Warren himself said little about his confirmation, but that was not because he enjoyed it or took it lightly. Like other experiences that deeply upset Warren, he responded by minimizing it, in this case pushing it out of his official history altogether. His memoirs dismissed his confirmation as Chief Justice of the United States in a footnote supplied by his editor: “The Chief Justice, in writing this book, did not feel that the accusations brought against him had enough validity to deserve attention at the expense of other matters.”2 Because Congress by statute seals its own judicial confirmation records for fifty years, Warren’s decision to skip over the story of his own confirmation has meant that no serious examination of it has ever been undertaken or published. Warren’s biographers have been unable to access the relevant files, so the only descriptions have come from contemporary accounts, based solely on the public workings of the Senate Judiciary Committee and on some enterprising reporting at the time, most notably by James Reston of the New York Times. Only in March 2004 did the Judiciary Committee records at last become available. Their contents reveal a smear of the first order, a deliberately deceitful attack on Warren’s character by the committee’s chair, aided by a self-aggrandizing political disciple and a delusional California private investigator.

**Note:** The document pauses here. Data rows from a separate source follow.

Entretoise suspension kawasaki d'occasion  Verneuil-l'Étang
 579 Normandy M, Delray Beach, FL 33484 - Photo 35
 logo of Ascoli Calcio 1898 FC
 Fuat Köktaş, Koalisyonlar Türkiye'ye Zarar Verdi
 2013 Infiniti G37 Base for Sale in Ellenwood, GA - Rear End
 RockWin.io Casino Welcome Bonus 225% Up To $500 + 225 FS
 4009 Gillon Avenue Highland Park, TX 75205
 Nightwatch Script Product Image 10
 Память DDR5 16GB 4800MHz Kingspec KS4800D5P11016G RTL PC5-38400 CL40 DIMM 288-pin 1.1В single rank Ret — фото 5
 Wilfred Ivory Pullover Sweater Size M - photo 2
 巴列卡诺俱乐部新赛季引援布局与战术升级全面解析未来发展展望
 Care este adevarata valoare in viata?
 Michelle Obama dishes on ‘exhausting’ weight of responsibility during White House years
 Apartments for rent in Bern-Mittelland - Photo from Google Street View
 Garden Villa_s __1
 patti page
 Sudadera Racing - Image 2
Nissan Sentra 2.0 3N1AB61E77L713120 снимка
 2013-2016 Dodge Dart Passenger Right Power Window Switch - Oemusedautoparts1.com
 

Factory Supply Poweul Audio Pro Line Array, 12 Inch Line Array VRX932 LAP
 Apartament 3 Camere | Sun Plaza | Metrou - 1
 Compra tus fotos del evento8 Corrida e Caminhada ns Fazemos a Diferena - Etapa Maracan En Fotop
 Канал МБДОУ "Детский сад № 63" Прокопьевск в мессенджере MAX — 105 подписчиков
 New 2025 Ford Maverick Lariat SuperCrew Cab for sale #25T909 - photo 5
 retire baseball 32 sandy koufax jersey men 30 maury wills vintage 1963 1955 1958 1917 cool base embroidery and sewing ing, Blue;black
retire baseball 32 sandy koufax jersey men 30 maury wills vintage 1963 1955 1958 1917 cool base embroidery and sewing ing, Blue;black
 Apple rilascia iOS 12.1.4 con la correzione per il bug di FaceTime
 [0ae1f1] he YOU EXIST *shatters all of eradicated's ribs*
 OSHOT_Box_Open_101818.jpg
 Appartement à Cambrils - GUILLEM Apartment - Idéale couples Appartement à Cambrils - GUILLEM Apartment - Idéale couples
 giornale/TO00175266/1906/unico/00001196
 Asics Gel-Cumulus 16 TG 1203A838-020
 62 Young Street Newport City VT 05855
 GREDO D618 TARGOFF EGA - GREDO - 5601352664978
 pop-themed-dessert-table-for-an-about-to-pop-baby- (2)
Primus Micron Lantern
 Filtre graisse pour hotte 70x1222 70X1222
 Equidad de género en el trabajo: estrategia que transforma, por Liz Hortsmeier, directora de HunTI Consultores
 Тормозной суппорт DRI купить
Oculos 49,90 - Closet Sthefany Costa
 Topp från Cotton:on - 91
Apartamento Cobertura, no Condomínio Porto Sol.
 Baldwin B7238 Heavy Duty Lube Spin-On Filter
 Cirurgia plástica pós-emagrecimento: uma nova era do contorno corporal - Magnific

As the cast assembled for that episode in late 1953, Warren was suffering in silence. He was, in those early months on the Court, alone and unhappy. Nina accompanied him to Washington and attended his swearing in, but the next day she returned to California. There, Nina packed up their things, while Goodwin Knight impatiently waited for her to vacate the mansion. The Warren children were in school or on their own, and so the new chief justice was by himself. And Earl Warren without Nina Warren was a diminished, sulky man. “I was,” he remembered later, “perfectly miserable.”3 It was Nina who organized the details of Warren’s unofficial life, she who cooked and kept their home, who laid out his clothes, who made sure his shirts were cleaned without starch—even the slightest bit of starch would give Earl Warren a rash.4 Nina oversaw their modest social schedule and charmed friends and neighbors with her devil’s food cakes. Earl Warren liked order—depended on it, in fact—and it was Nina who brought order to his life. Without her, even briefly, he foundered.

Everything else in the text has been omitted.